__What to work on__:
Drop the pictures and repeat exactly from the "Gray and white tunic" line down to the last line of the entries below.

[Short descriptive text snippets]
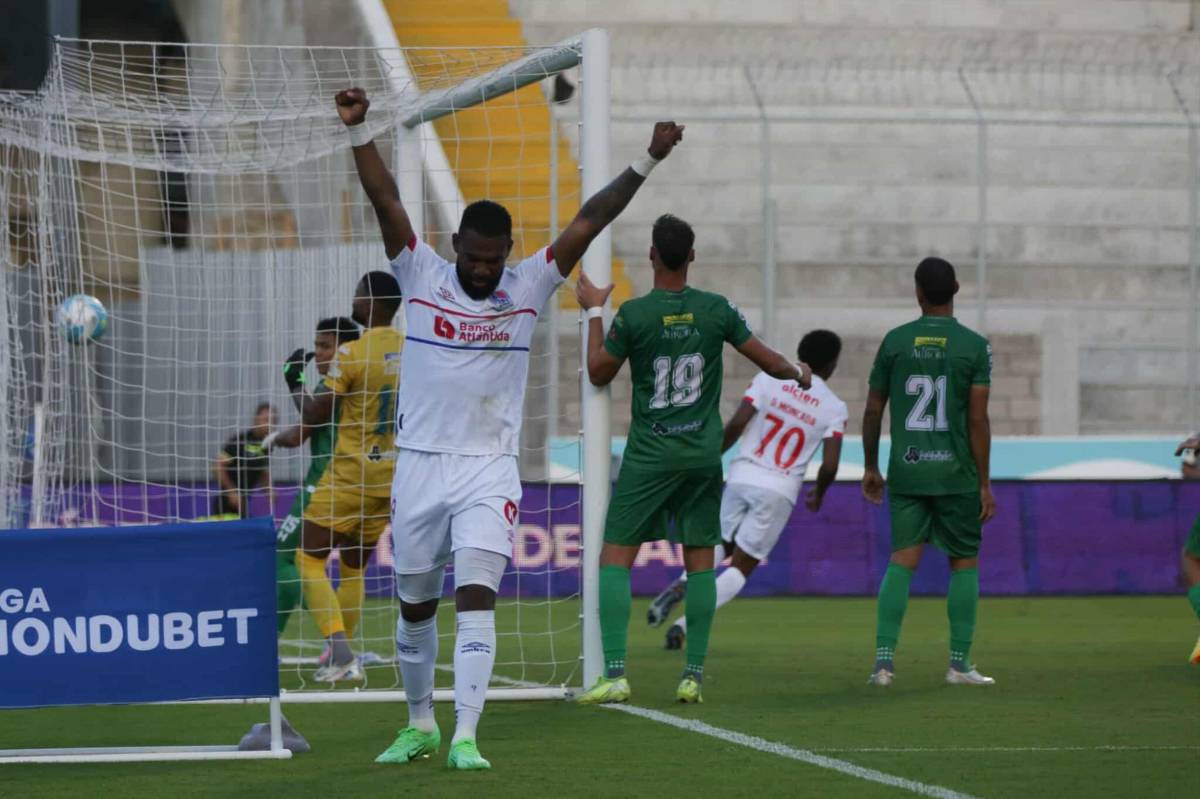 El gesto de Olimpia con Georgie Welcome, el que rompió su mala racha y fichaje se presentó ante la afición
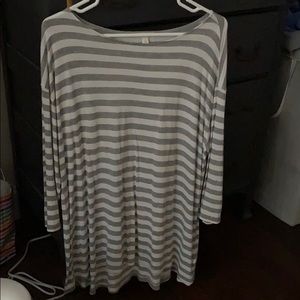 Gray and white tunic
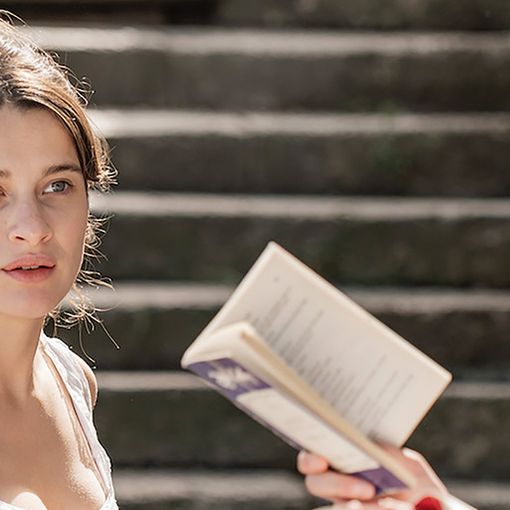 In foto, &quot;Une jeune fille qui va bien&quot;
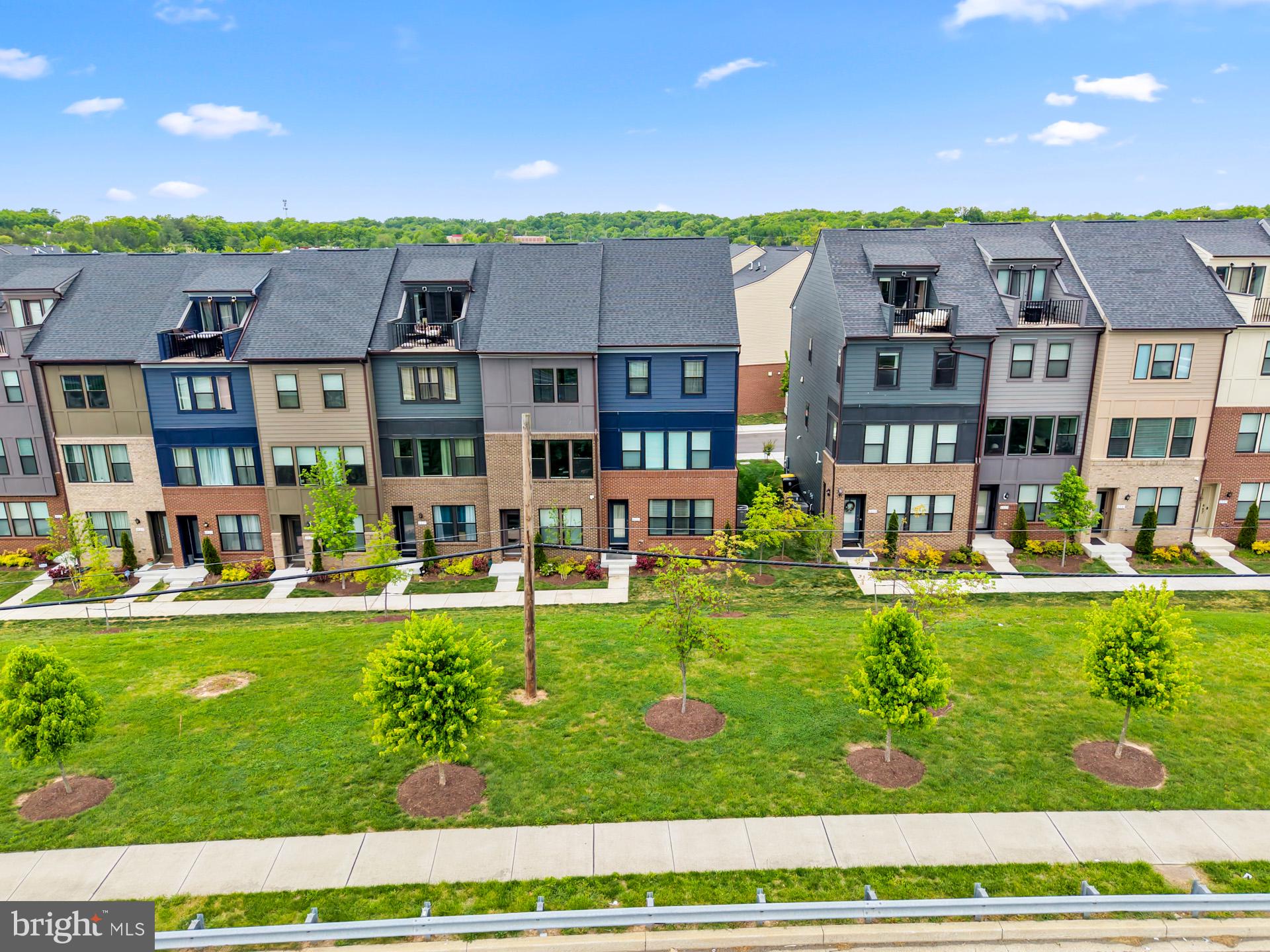 VISTA GARDENS - Residential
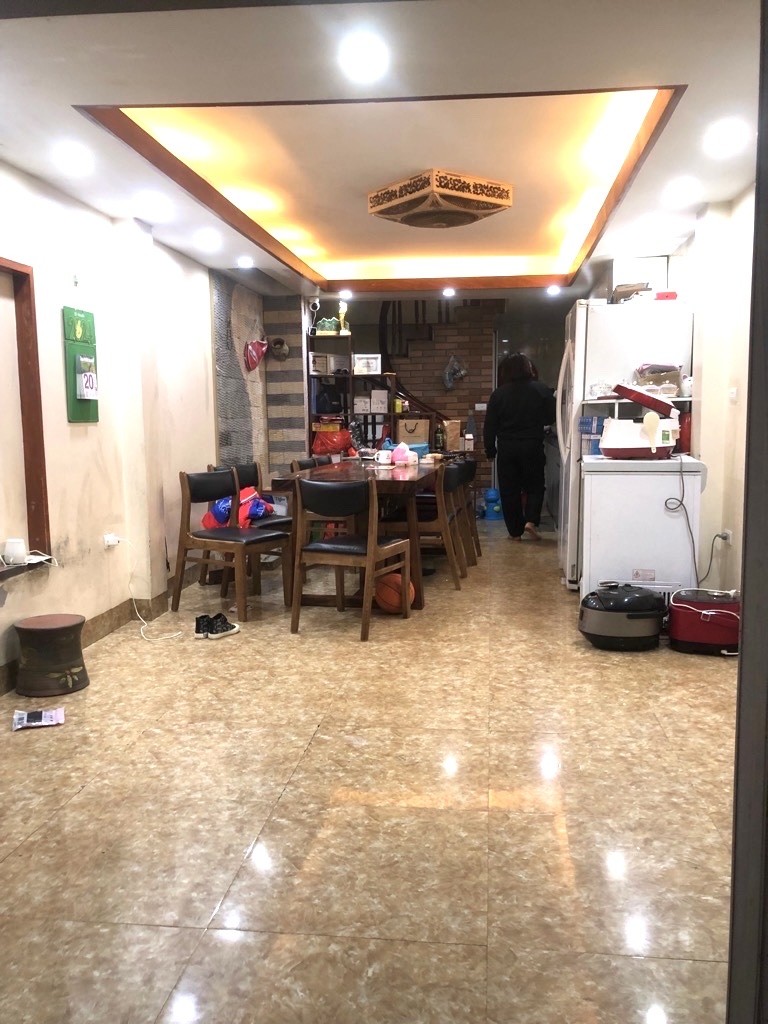 BÁN GẤP NHÀ LĨNH NAM- Ô TÔ - LÔ GÓC -KINH DOANH- NHỈNH 4 TỶ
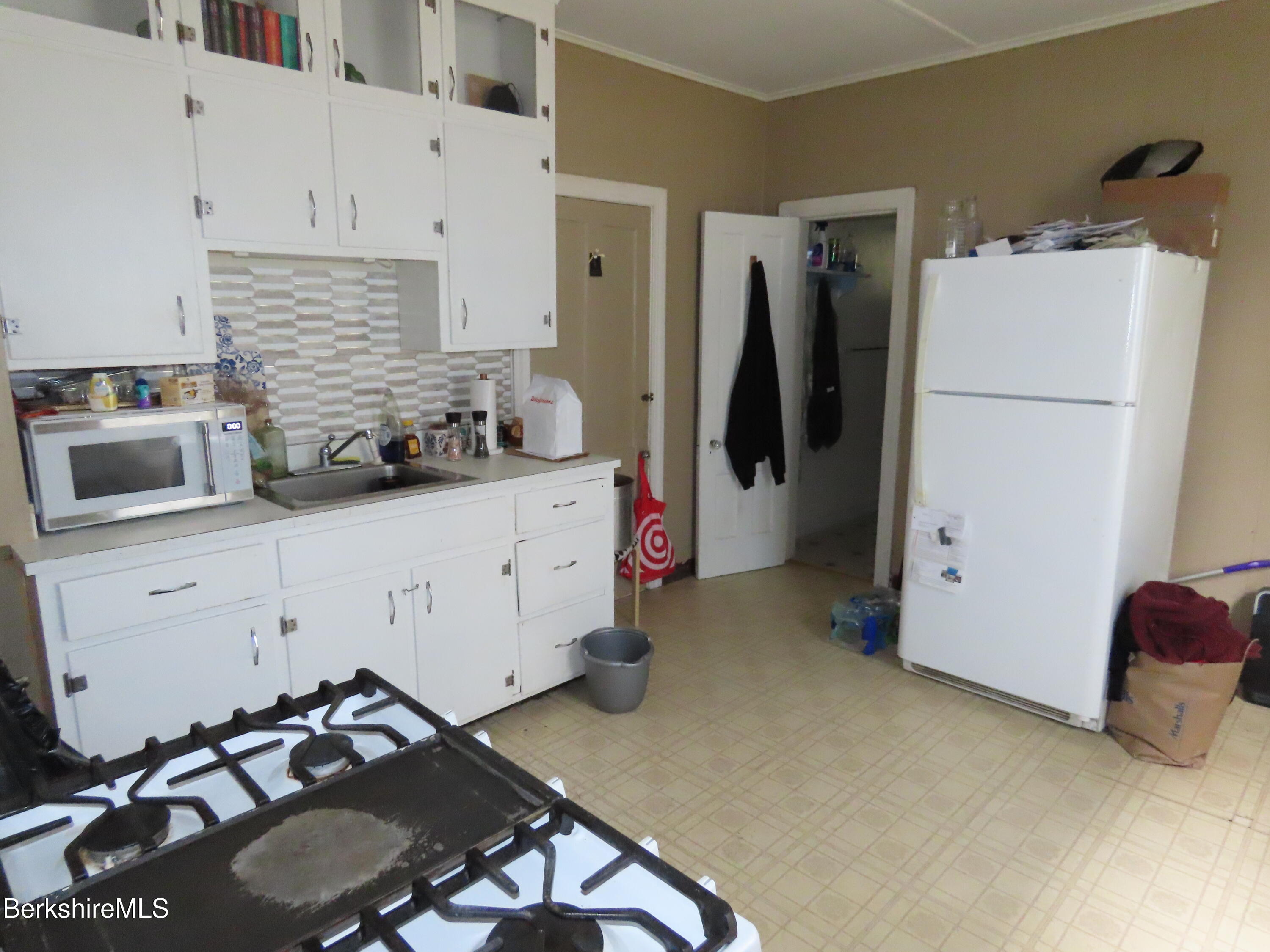 8 Cherry Street Adams, MA 01220 - Photo 23 of 50 Apt 2 Kitchen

__Output__:
 Gray and white tunic
 In foto, &quot;Une jeune fille qui va bien&quot;
 VISTA GARDENS - Residential
 BÁN GẤP NHÀ LĨNH NAM- Ô TÔ - LÔ GÓC -KINH DOANH- NHỈNH 4 TỶ
 8 Cherry Street Adams, MA 01220 - Photo 23 of 50 Apt 2 Kitchen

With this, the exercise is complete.